René, jullie zijn met de opdracht van de werkgroep aan de slag gegaan. Als eerste te ontwikkelen onderdeel hebben jullie de PIDs aangepakt. Kun je vertellen hoe de beheersfunctionaliteit in jullie collectiebeheersysteem eruitziet?

‘Gebruikers kunnen PIDs toevoegen aan alle soorten gegevens die ze als linked open data willen publiceren. Dus niet alleen collectierecords, maar ook bijvoorbeeld records van tentoonstellingen, bruiklenen, personen, instellingen en van thesauri die een instelling beheert. Daarvoor hebben we overal de beoogde velden in het collectiebeheersysteem toegevoegd.’

En jullie hebben iets extra’s toegevoegd?

‘Als een gebruiker zelf een aangemaakte PID toevoegt, dan wordt automatisch gecheckt of de betreffende Uniform Resource Identifier (URI, zoals een webadres) de juiste vorm heeft, bijvoorbeeld dat er geen spaties in staan, of dat het moet beginnen met een protocol zoals “https”. Anders gezegd, er zit dus een controlefunctie in.’

Maar in plaats van zelf een eigen PID-structuur te maken kun je ook gebruikmaken van een standaard PID-systeem. Kan dat hier ook?

‘Natuurlijk. We hebben gekozen voor een van de internationale standaarden die in Nederland worden gebruikt, namelijk Handle System. Als gebruikers de Handle-PIDS gebruiken, worden die met een druk op de knop geregistreerd bij SURFsara. Men heeft daarvoor wel een overeenkomst met SURFsara nodig. Andere systemen en providers kunnen desgewenst ook worden ondersteund.’

Het opslaan en beheer ervan kan zowel in Adlib als Axiell Collections?

‘Klopt. Het kan in Adlib, maar daar ontbreken een paar extra functionaliteiten die wel in diens opvolger zitten, zoals de controle op de correctheid van een URI en het registreren van PIDs bij SURFsara. Omdat Adlib in maintenance mode is en er dus geen nieuwe functionaliteit wordt ingebouwd, raden we gebruikers aan om PIDs te beheren in Axiell Collections.’

Toch bouwen jullie deze functionaliteit ook in bij bestaande applicaties van klanten die Adlib hebben?

‘Als pilot zijn we deze functionaliteit aan het inbouwen in de bestaande applicatie bij een museum in zowel Nederland als in Zweden. We moeten dan niet alleen de functies toevoegen en de datastructuur aanpassen, maar dienen er ook voor te zorgen dat alle bestaande records een PID toegewezen krijgen.’

Lopen Nederland en Vlaanderen op het gebied van PIDs voorop?

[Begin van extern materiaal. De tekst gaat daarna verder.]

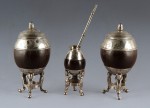 Lote 480: CONJUNTO DE MATE, YERBERA Y AZUCARERA DE CALABAZA OSCURA. Lote 480: CONJUNTO DE MATE, YERBERA Y AZUCARERA DE CALABAZA OSCURA. CONJUNTO DE MATE, YERBERA Y AZUCARERA DE CALABAZA OSCURA.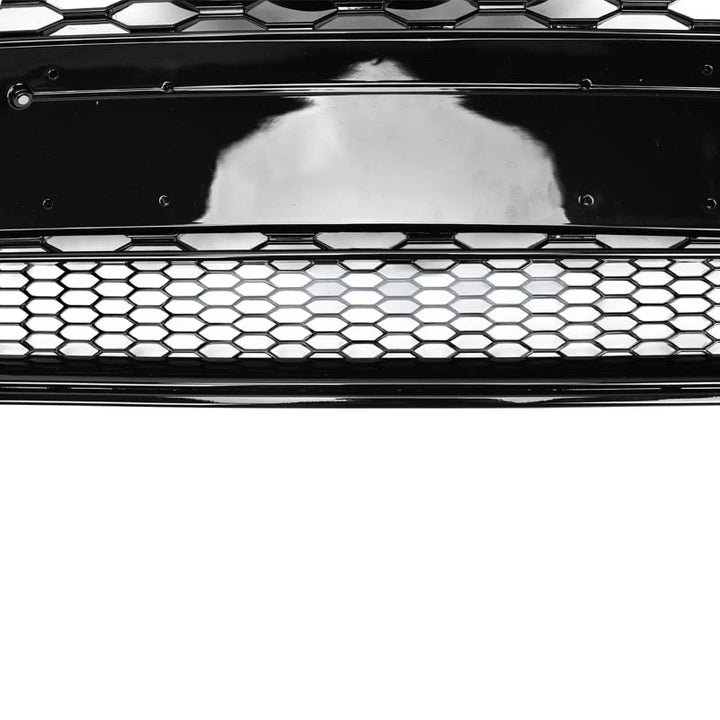 Gloss black honeycomb front grille for Audi S7 C7, close-up of the mesh pattern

‘Dat was lange tijd het geval, denk ik. Vanuit het buitenland kreeg ik nauwelijks vragen over PIDs, maar dat begint nu te kantelen. We doen nu bijvoorbeeld mee aan tenders in Noord-Amerika en Australië waarin nadrukkelijk om deze functionaliteit wordt gevraagd. Het besef dat PIDs belangrijk zijn, begint langzaam maar zeker overal door te dringen.’

Tot slot, Ivo: ben jij tevreden?

‘We willen in de werkgroep altijd meer natuurlijk. We vinden het bijvoorbeeld jammer dat je over moet stappen op Axiell Collections. Maar op zich is dit begrijpelijk: als bedrijf steek je je energie liever in een nieuw product. Daarnaast kijken we uit naar de twee andere ontwikkelingen op ons wensenlijstje: de koppeling van terminologiebronnen en de ondersteuning van het publiceren van data in linked open data-formaat. We zijn blij dat Axiell het belang van PIDs onderkent en alvast de PID-functionaliteit heeft ingebouwd.’

En wat is de volgende stap?

‘We zien met spanning uit naar de eerste implementaties. En we roepen erfgoedinstellingen op om allemaal met PIDs aan de slag te gaan. Deze zijn belangrijk, zowel voor de publicatie van linked open data als voor de publicatie van collectiedata op de website in het algemeen.’